While China has improved management of its forestry sector, expanding forest plantation cover and banning harvesting of natural
forests, China's recent growth as wood-products exporter is built on
timber imports — much of which are illegal — argues a researcher from
the Smithsonian Tropical Research Institute in a letter to Science.
Noting that Chinese imports quadrupled over the past decade — from an
estimated 12.5 to 45 million cubic meters — Dr. William F. Laurance
says much of the growth in China's timber supplies has come in
unprocessed logs from developing countries, which offer relatively
economic benefits to timber-exporting nations and are often linked to
illegal trade.
"Most logs imported into China are effectively stolen, with no
payment of government royalties to exporting nations or environmental
control over harvest operations.

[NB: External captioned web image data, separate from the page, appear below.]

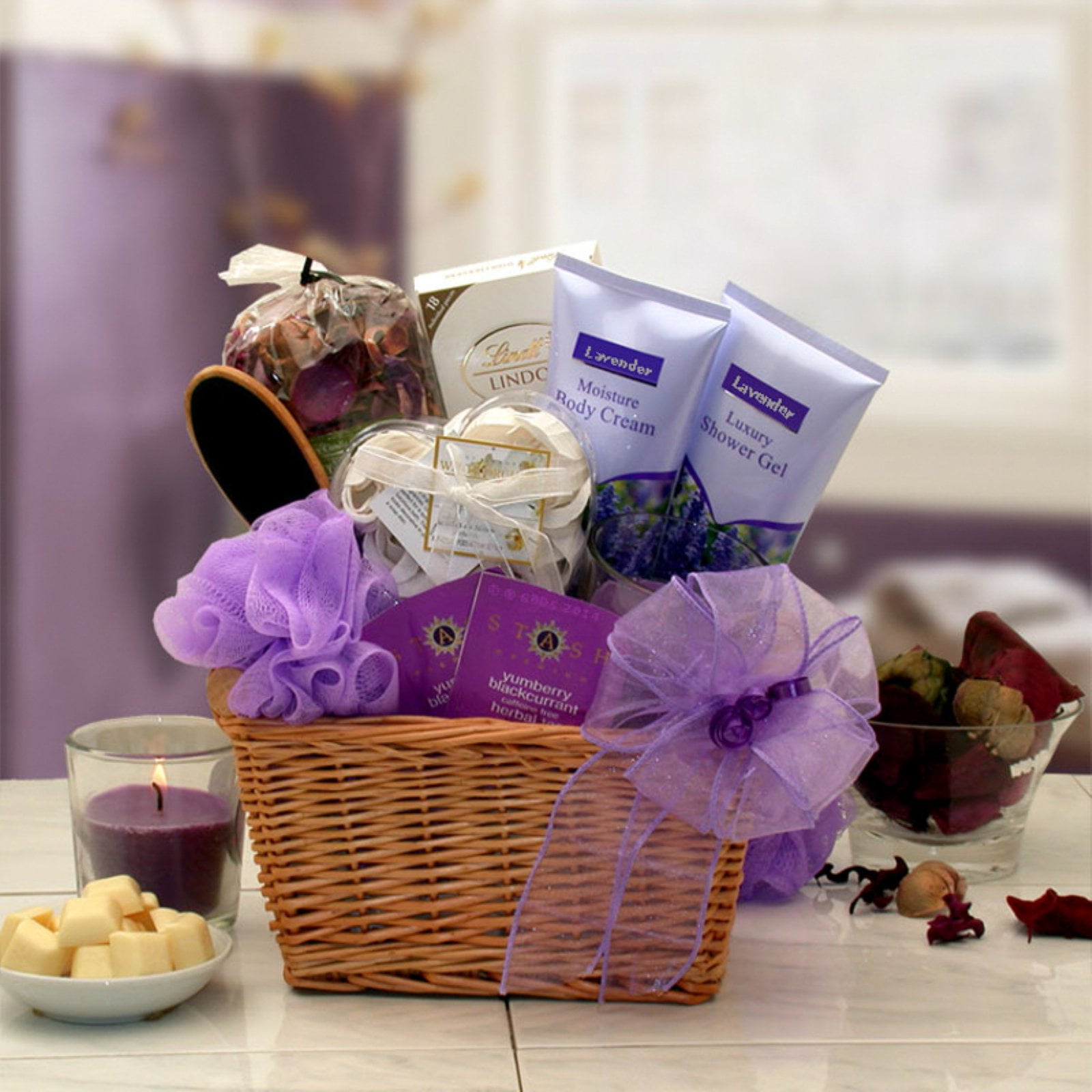 Valentines Basket for Girlfriend, Valentines Day Gifts for Her, Basket for  Wife, Self Care Kit With Bath Salt, Candle and Soap Set, Romantic 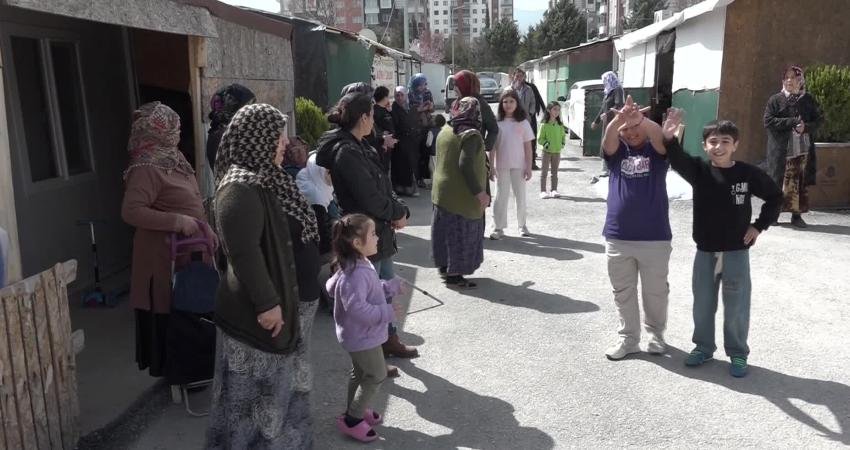 Malatya Yaşamkent-4 Konteyner Kenti’nde kalan depremzedelerden 20 Nisan’a kadar konteynerleri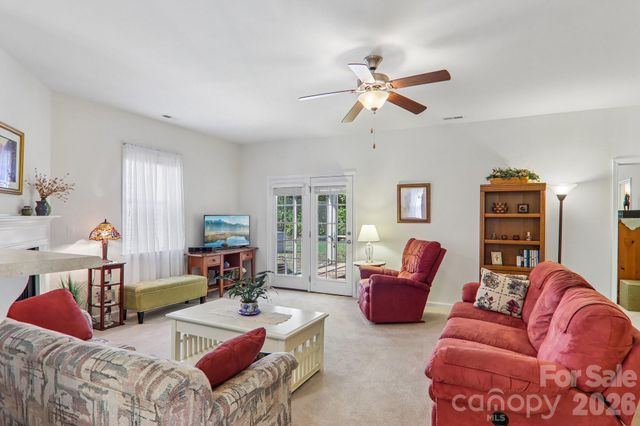 73 Foxtail Court, Hendersonville, NC 28792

At least 80% of Chinese timber imports
from Brazil, Cambodia, Cameroon, Congo-Brazzaville, Equatorial Guinea,
Gabon, Indonesia, Myanmar, Papua New Guinea, and the Solomon Islands
are illegal, according to recent estimates, with somewhat lower values
(50 to 60%) for Malaysia and Russia," writes Laurance. "Unprocessed
logs are easy to acquire and smuggle, and corruption in the log trade
is far more prevalent than that for processed forest products."
Laurance says the illegal timber trade is driving forest degradation
and deforestation in the tropics by providing impetus for road building
which "increases access to forests for slash-and-burn farmers, hunters,
and land speculators that in turn destroy or severely degrade forests
and their wildlife."
Laurance argues that developed countries are playing a key
role in the destruction: it is their demand for cheap wood products
that is fueling China's wood products industry. As such, says Laurance,
efforts to rein in the illegal timber trade will have to target
consumer preferences in wealthy nations.
"Chinese wood products corporations will have little incentive
to alter their predatory behavior so long as consumers in wealthy
nations blithely continue buying their products," he concludes.